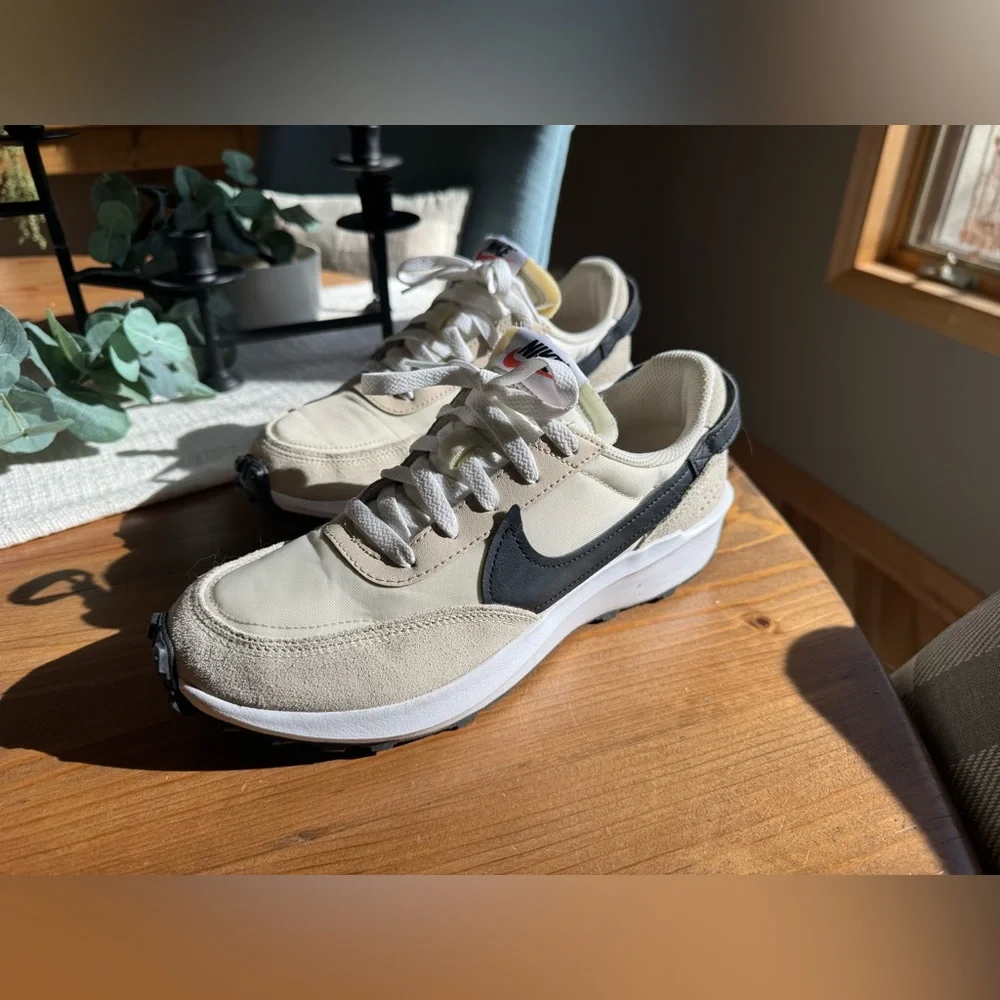 EUC - WOMEN'S NIKE WAFFLE DEBUT SNEAKERS - Picture 5 of 12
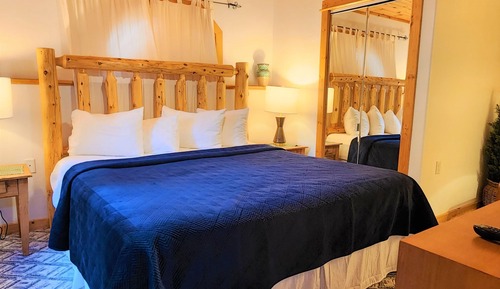 Condo, 1 King Bed with Sofa bed, River View (One-Bedroom Suite)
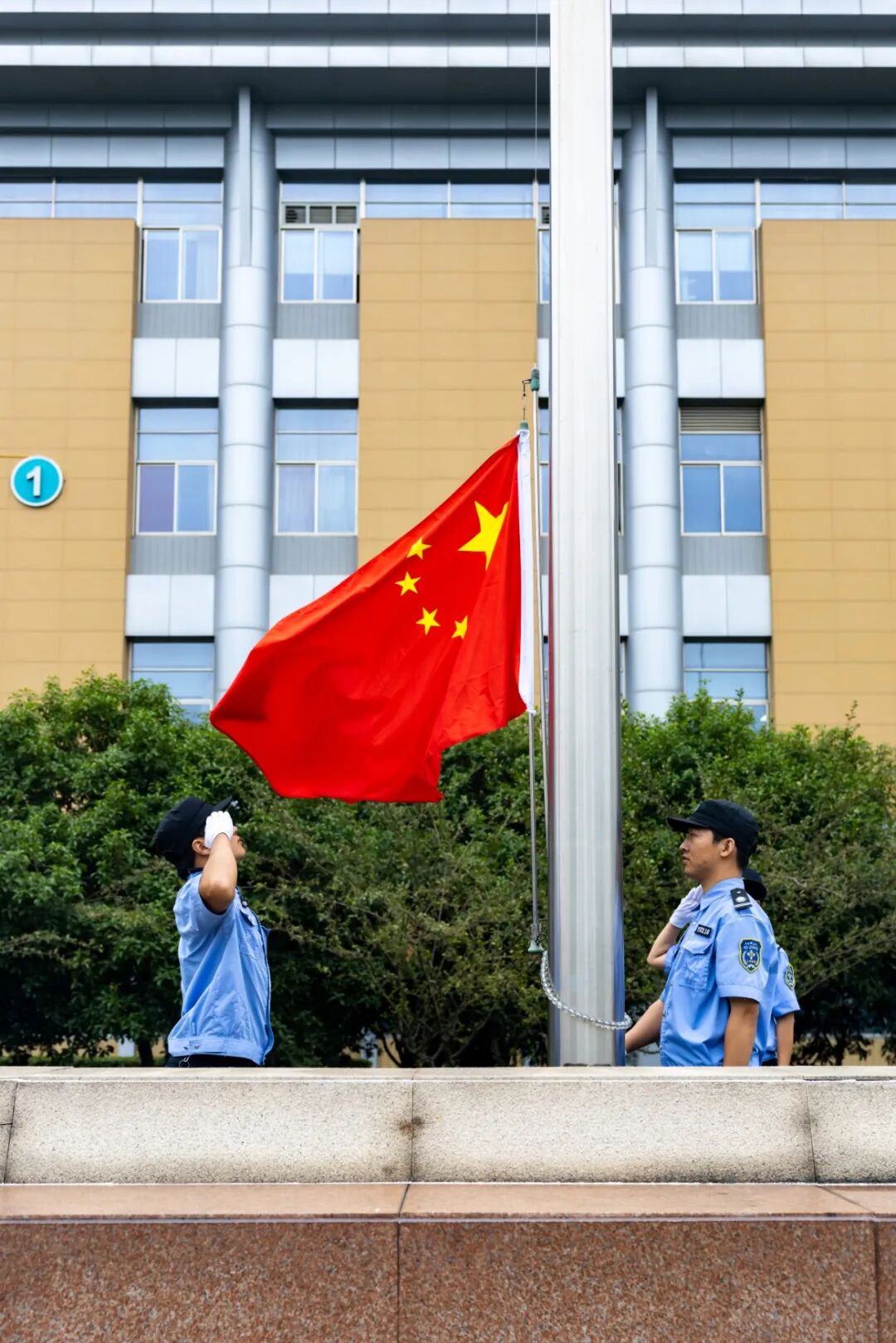 国庆 | 以坚守，致敬祖国母亲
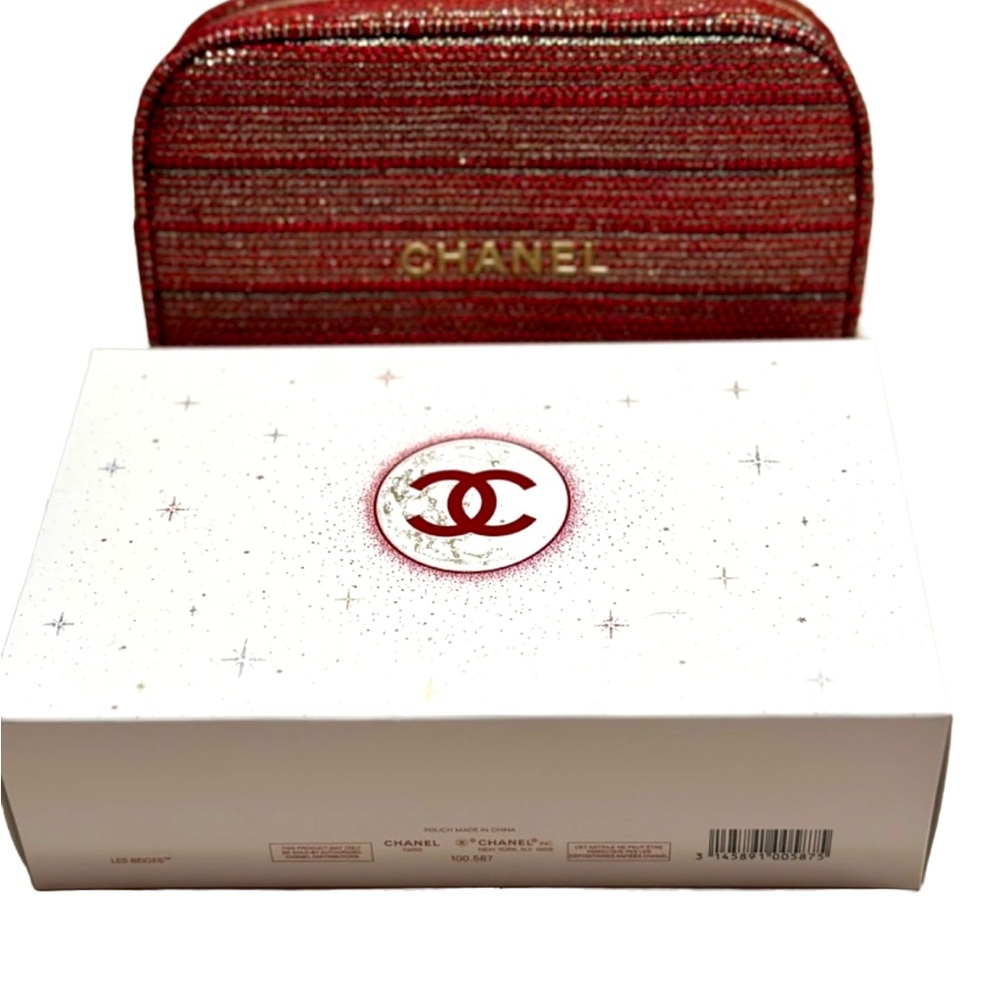 CHANEL New Makeup Bag 2022 Holiday. ♥️RED Tweed Pouch in Box NIB. VALENTINES 🎁 - Picture 5 of 5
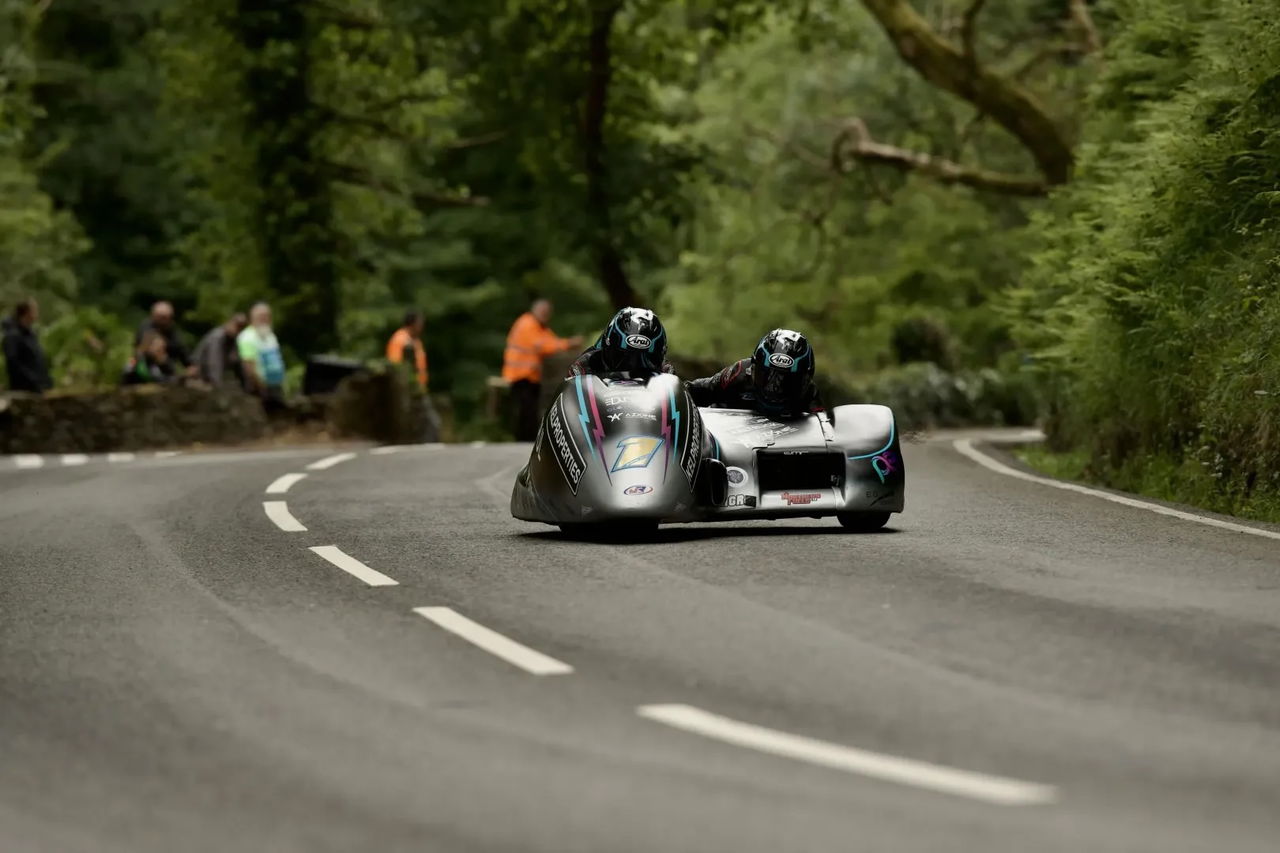 2025 Man TT: First Sidecar 121mph Lap Set Crows Dominate for Winning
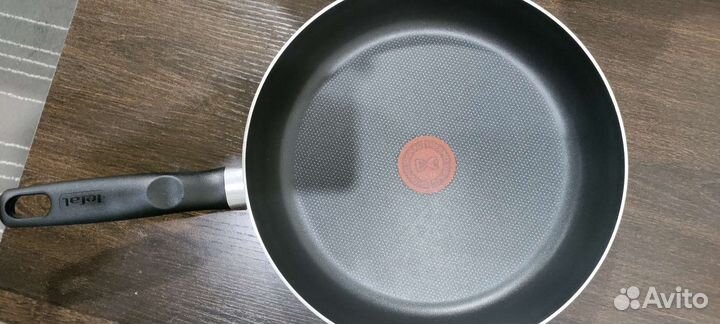 Сковорода tefal 28 см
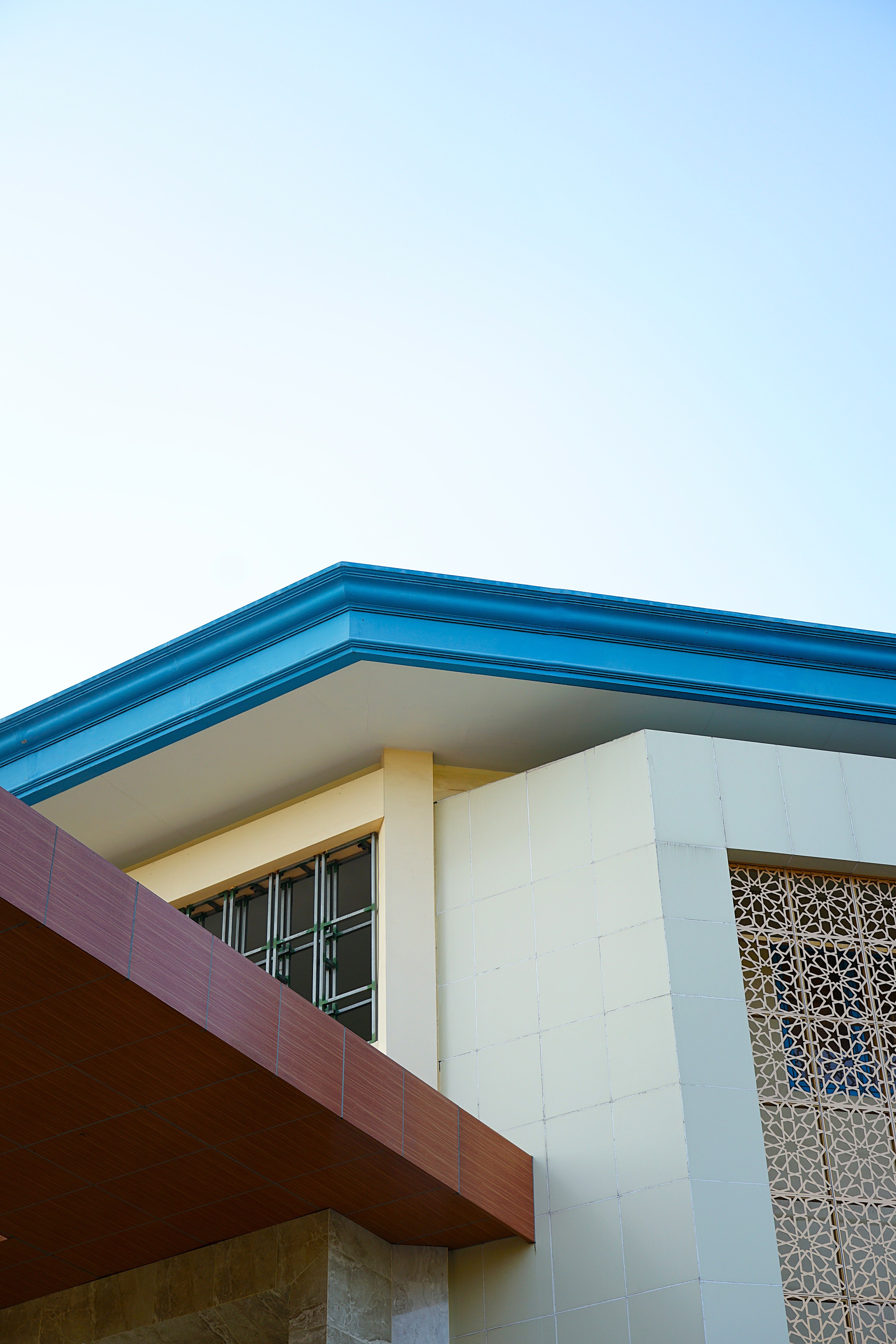 Elegant modern mosque architecture with geometric patterns in East Java. - Fotografer Sidoarjo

++++++++++++++++++++

_PROBLEM DETAILS_. Quote all of the entries word for word, omitting any pictures.

_REPLY_.
 EUC - WOMEN'S NIKE WAFFLE DEBUT SNEAKERS - Picture 5 of 12
 Condo, 1 King Bed with Sofa bed, River View (One-Bedroom Suite)
 国庆 | 以坚守，致敬祖国母亲
 CHANEL New Makeup Bag 2022 Holiday. ♥️RED Tweed Pouch in Box NIB. VALENTINES 🎁 - Picture 5 of 5
 2025 Man TT: First Sidecar 121mph Lap Set Crows Dominate for Winning
 Сковорода tefal 28 см
 Elegant modern mosque architecture with geometric patterns in East Java. - Fotografer Sidoarjo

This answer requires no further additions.